Physiology & Behavior | 1983
Euan M. Macphail; Steve Reilly
Three experiments investigated the effects of hyperstriatal lesions on spatial and visual probability learning in pigeons. The lesions did not affect choice accuracy although they did reduce positional responding on error trials in the visual task. The results gave support to a perseverative, as opposed to an attentional, interpretation of the lesion effects. Increasing intertrial interval in the visual task resulted in decreased accuracy in both lesion and control groups, and the absence of a differential effect on the lesioned birds ran counter to an earlier suggestion that increased perseveration might be due to increased frustration. A fourth experiment confirmed that the lesions disrupted both acquisition and reversal of a conventional orientation discrimination; the deficits again appeared to be due to increased perseveration rather than to shifts in attention.

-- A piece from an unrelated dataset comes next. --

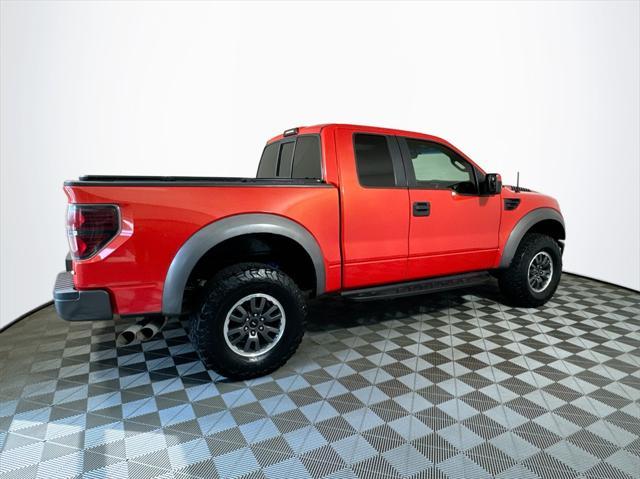 used 2010 Ford F-150 car, priced at $19,777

Behavioural Brain Research | 1989
Euan M. Macphail; Steve Reilly
Three experiments contrasted the effects of medial and lateral hyperstriatal lesions in pigeons. Expt. 1 found that both types of lesion obtained slower acquisition of autoshaping, compared to unoperated controls. No group differences in maintained rate of autoshaped responding were found. Expt. 2 found that lateral but not medial lesions disrupted choice performance in a non-matching-to-sample (NMTS) task, in which initial preference was for the correct stimulus; birds with lateral lesions responded more slowly to the sample stimulus than did birds with medial lesions. Expt. 3 found that medial but not lateral lesions disrupted both acquisition and reversal of a spatial discrimination at a long, but not at a short intertrial interval (ITI). Medial lesions damage primarily the hyperstriatum accessorium and lateral lesions, the hyperstriatum ventrale; but no significant correlations between the extent of damage to either of these structures and severity of behavioural disruption were obtained. Implications of these findings for theoretical accounts of hyperstriatal involvement in learning processes are discussed.